__TASK DESCRIPTION__. When the line containing "Boolean is a" is found in the data below, give it again along with every later line, exactly; drop the pictures.

(Stored items)
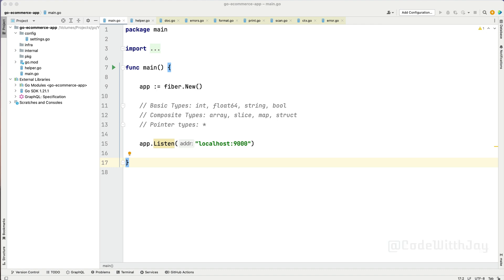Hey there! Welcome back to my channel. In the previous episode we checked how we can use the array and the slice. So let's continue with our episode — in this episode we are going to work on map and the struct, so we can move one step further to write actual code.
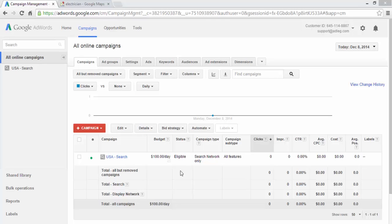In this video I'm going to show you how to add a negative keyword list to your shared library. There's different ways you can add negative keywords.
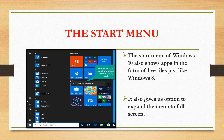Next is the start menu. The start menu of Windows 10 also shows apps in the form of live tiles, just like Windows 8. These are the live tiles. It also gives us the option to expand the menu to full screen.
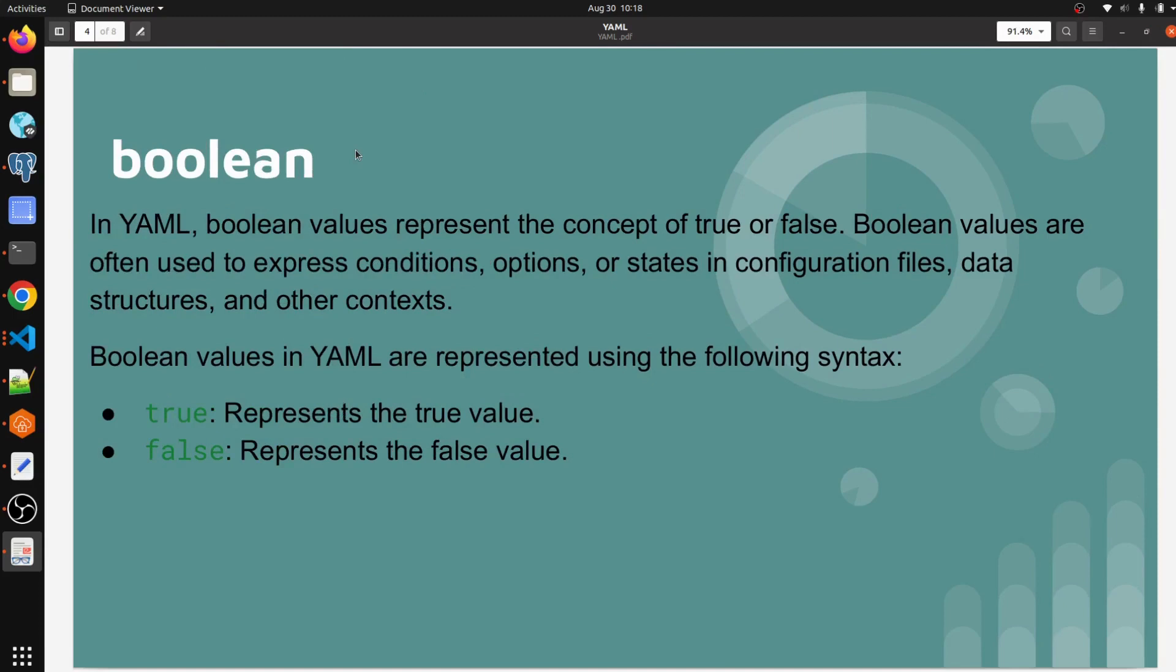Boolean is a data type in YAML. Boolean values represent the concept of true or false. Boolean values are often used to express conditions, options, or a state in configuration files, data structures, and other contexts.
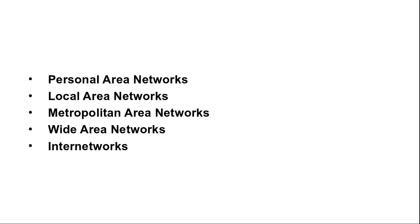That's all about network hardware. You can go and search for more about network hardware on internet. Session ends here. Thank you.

__RESULT FOR THIS EXERCISE__.
Boolean is a data type in YAML. Boolean values represent the concept of true or false. Boolean values are often used to express conditions, options, or a state in configuration files, data structures, and other contexts.
That's all about network hardware. You can go and search for more about network hardware on internet. Session ends here. Thank you.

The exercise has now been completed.